Any Widespread Panic Players Here?

For now, here's 6 versions, around 3:45 each, 70, 75, 80, 85, 90, 95, 100 BPM (I know you can stretch them yourself, but this went very quickly).




Why do you think so? And is it your phrasing or rather your articulation? Or both?
Just to make sure:
Phrasing = tonal choices, rhythmic choices, partially dynamic choices, can be played on pretty much all instruments.
Articulation = Instrument based tonal shapings (bends, slurs, slides, anything guitar related in this case).

And well, even if your phrasing and/or articulation suck (which I have no idea about), the good thing is, that (unlike with any kind of fretboard wizardry) you can improve on it at any age and with not all *that* much effort. At least for phrasing that is true.
Ever thought about pickups? Not the things to grab your guitar tone but musical pickups - as in some little lines anticipating whatever target notes? In case you haven't, IMO that'd be a great place to start, especially as there's little technical stuff involved (at least for a start).



Are you using a modeler with onboard interface? Well, it actually doesn't matter much. As long as you can make things heard when you play, you could as well just record with a smartphone.

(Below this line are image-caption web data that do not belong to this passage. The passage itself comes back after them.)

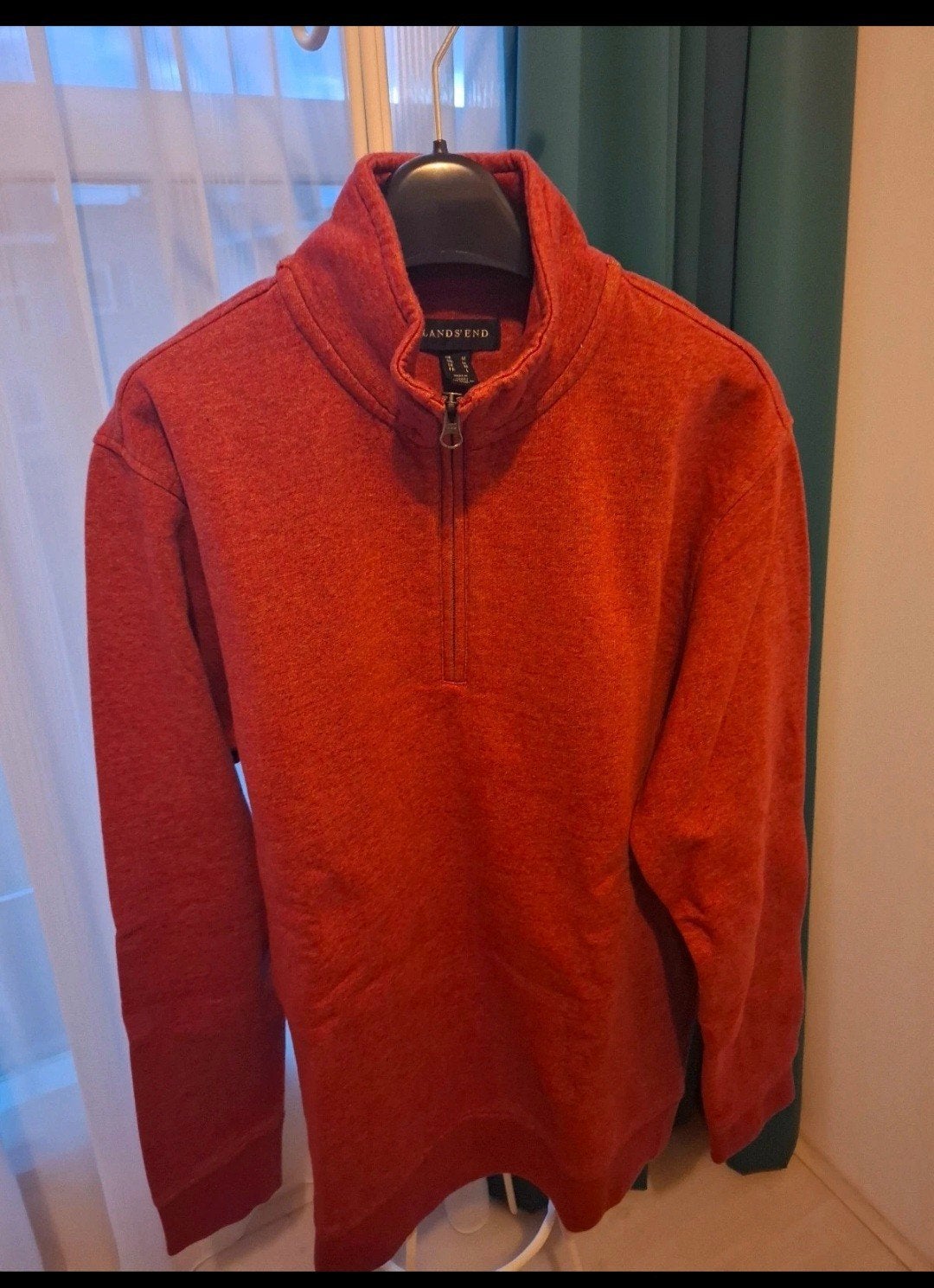 Lands' End heren sweater met rits - Rood, Lands' End, Maat 48/50 (M), Ophalen of Verzenden, Gedragen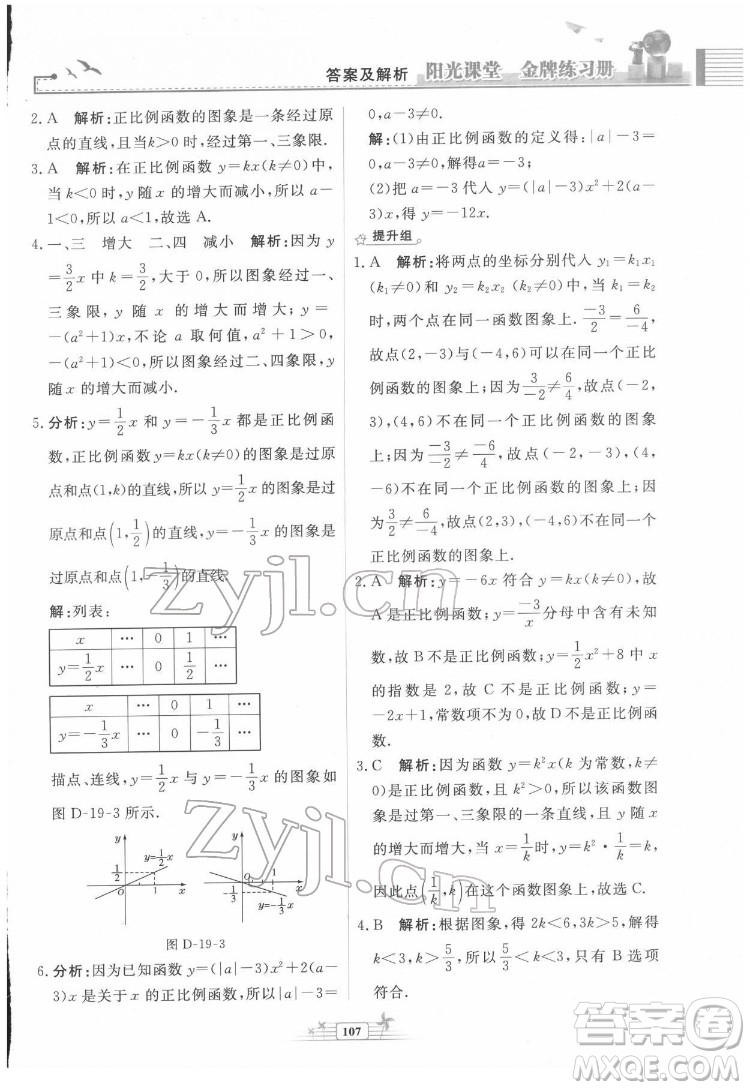 人民教育出版社2022陽光課堂金牌練習(xí)冊數(shù)學(xué)八年級下冊人教版福建專版答案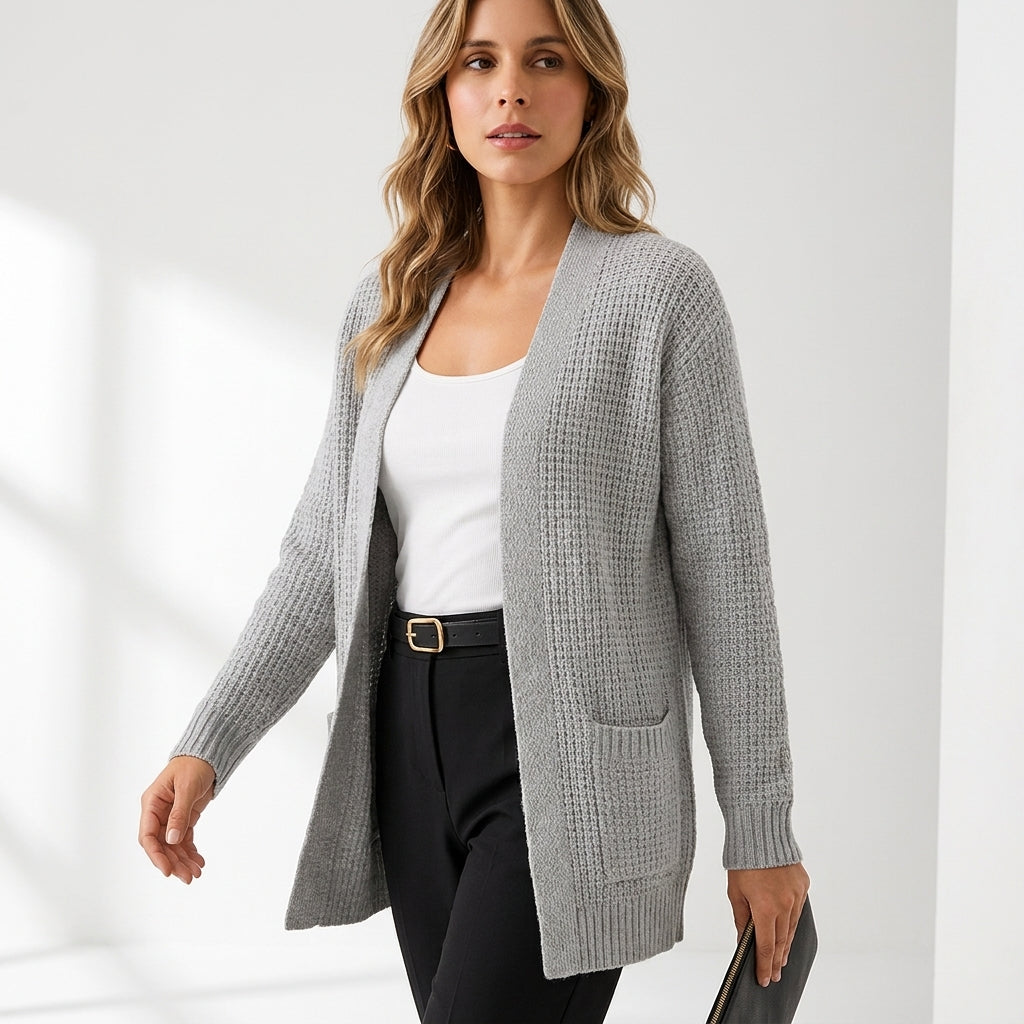 Women's long ribbed knit cardigan with open front and pockets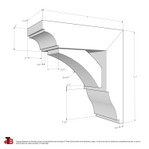 Cedar Bracket 02T23 — dimensional sketch with measurements | Timber Build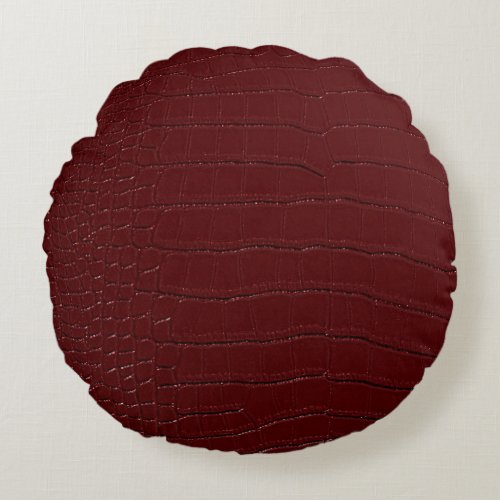 Red Crocodile Skin Print Varnished Round Pillow
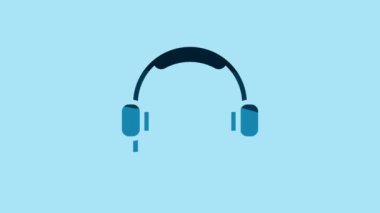 Blue Headphones icon isolated on blue background. Support customer service, hotline, call center, faq, maintenance. 4K Video motion graphic animation.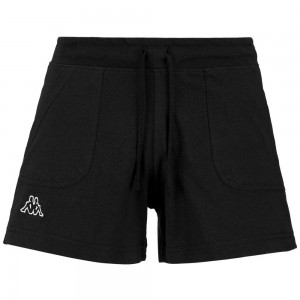 Women Kappa Logo Caber Shorts Black | 810734-IQE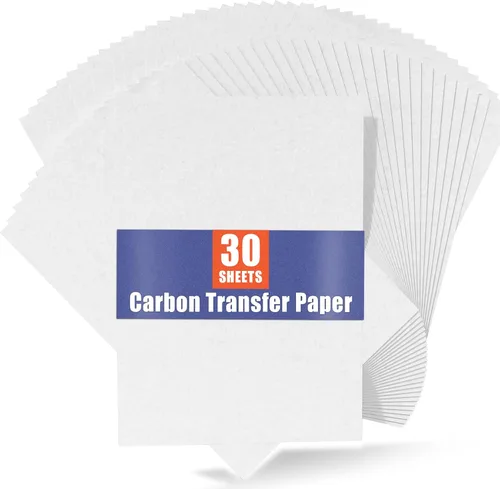 Vista 9 de PSLER Papel de carbón negro para trazado - 30 piezas de papel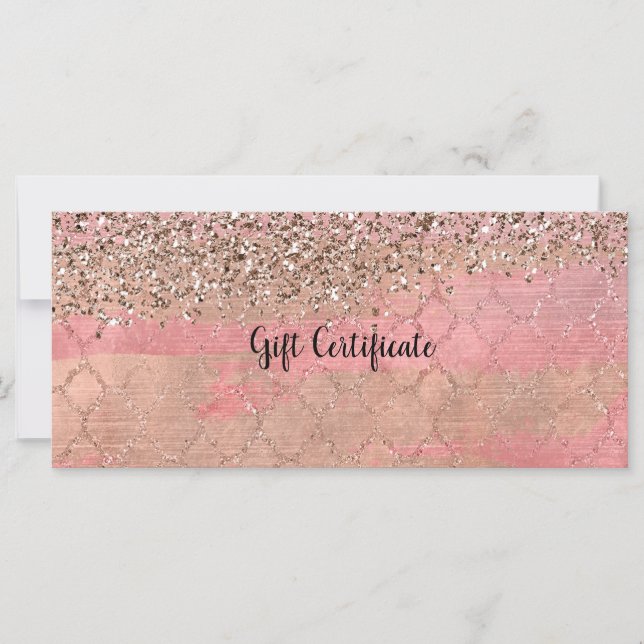 Certificado de regalo Pink Blush Glitter Moroccan  (Anverso)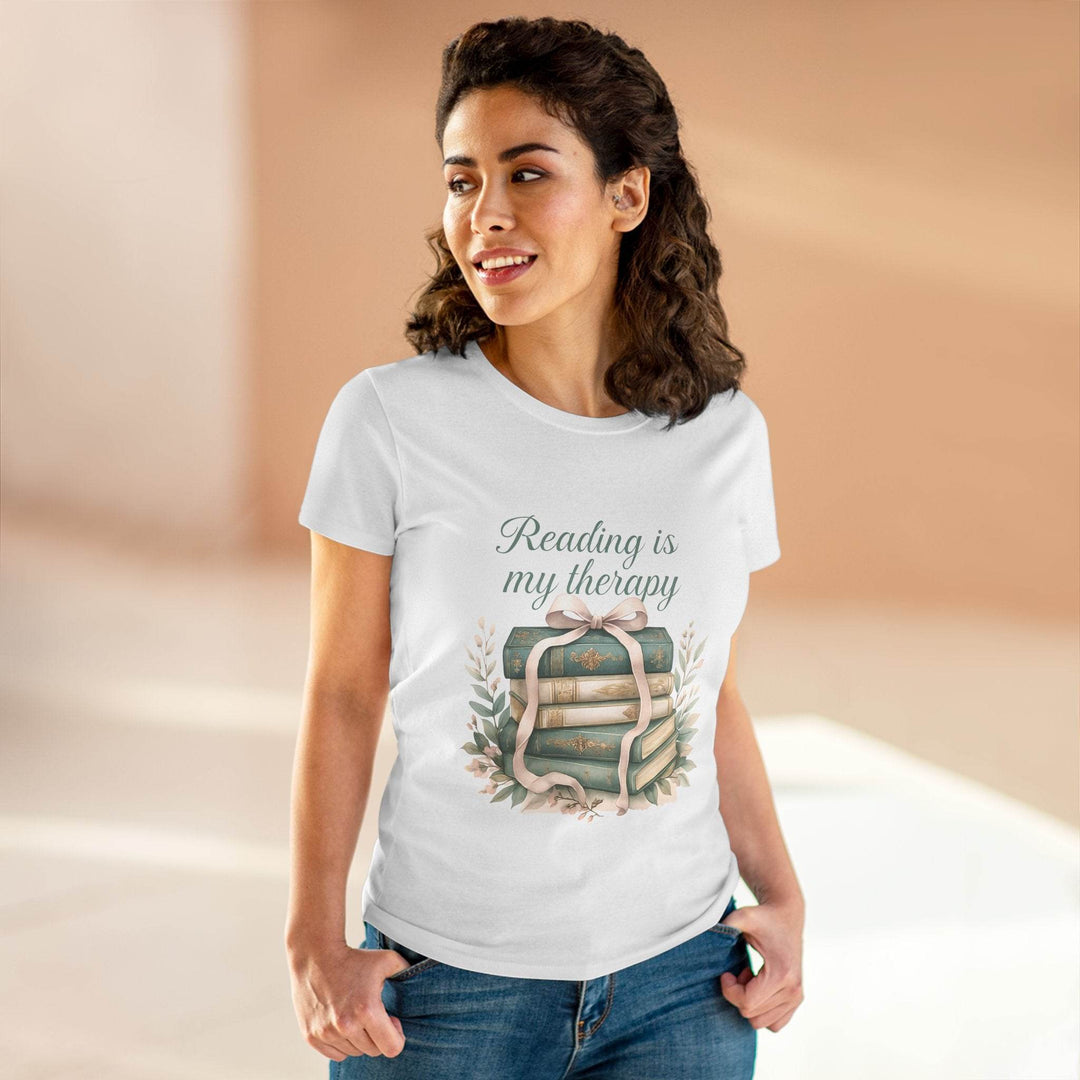 Reading Is My Therapy Shirt with Book Design - Gutsy Garb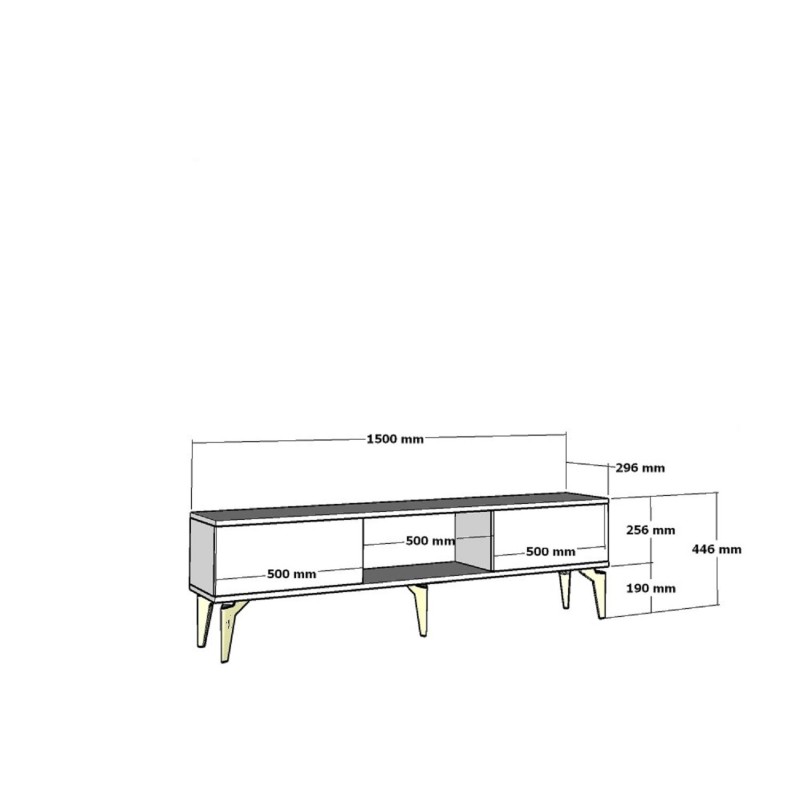 TV Stand Asel - White, Gold White
Gold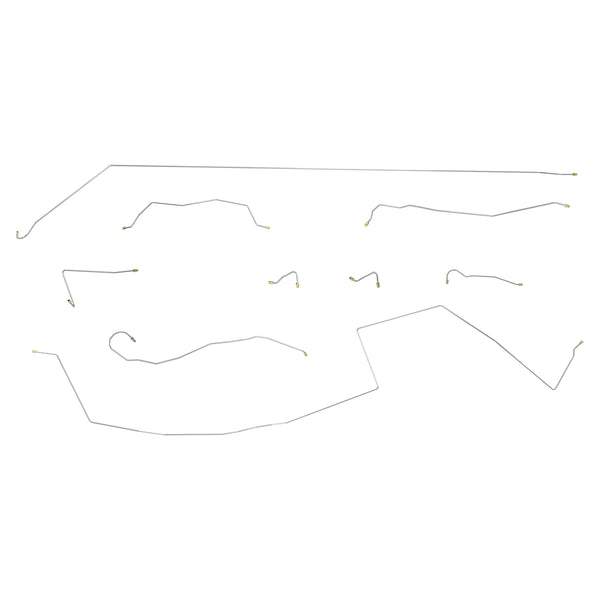 1960-67 International Scout Series 80/800 Manual Drum Brake Line Kit 9pc, OE Steel
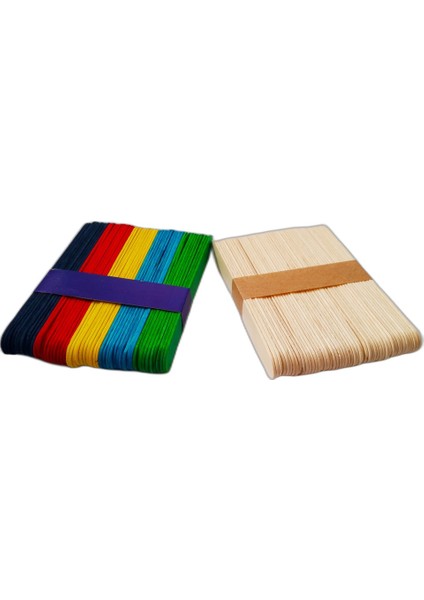 Ahşap Dil Çubuğu Abeslang Dondurma Çubuğu 50 Adet Naturel 50 Adet Renkli 100 Adet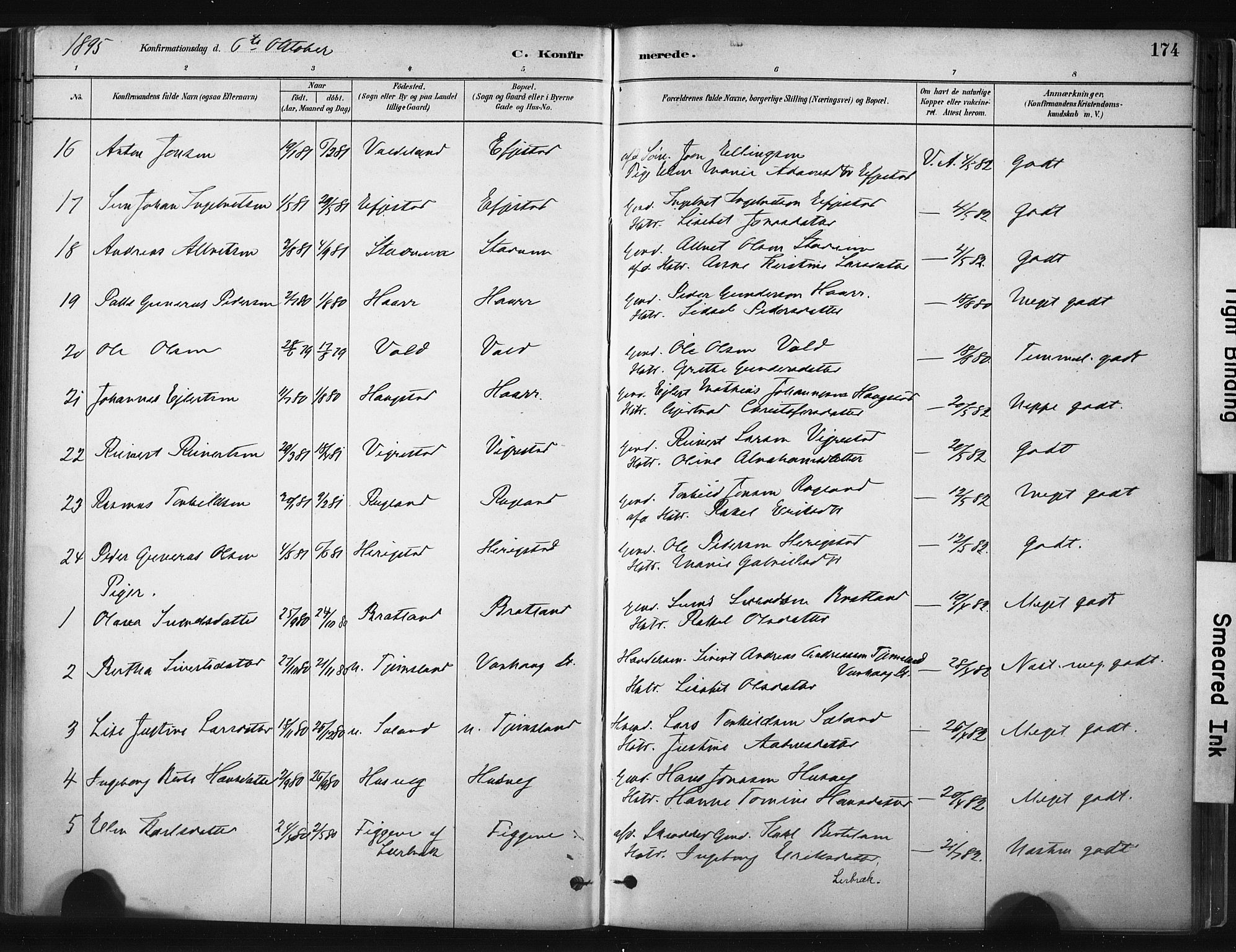 Hå sokneprestkontor, AV/SAST-A-101801/001/30BA/L0011: Ministerialbok nr. A 10, 1879-1900, s. 174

Probably a little of both phrasing and articulation, plus leaving space. I notice a lot of what I consider tasteful playing has spots with nothing but the rhythm section. in and out with the soloing so to speak.

For pickups are you referring to notes before or leading into a root or target note? If not, maybe a better description is needed.

Yes, I have a Stomp XL, so I assume I can record in a DAW. Just have to play with it and see.

Thanks for the tracks, I'll start working on something this week and let you hear it when I put it together. I'll record on my phone worst case scenario.

Thanks a lot for the help and suggestions.
 
For pickups are you referring to notes before or leading into a root or target note? If not, maybe a better description is needed.

Precisely. When you analyze the playing of some folks, you will very often notice how they anticipate target notes - and it's a pretty efficient way of getting some "plausibility" into your playing. I'll try to come up with some examples tomorrow or so.
 
Precisely. When you analyze the playing of some folks, you will very often notice how they anticipate target notes - and it's a pretty efficient way of getting some "plausibility" into your playing. I'll try to come up with some examples tomorrow or so.
Sounds good!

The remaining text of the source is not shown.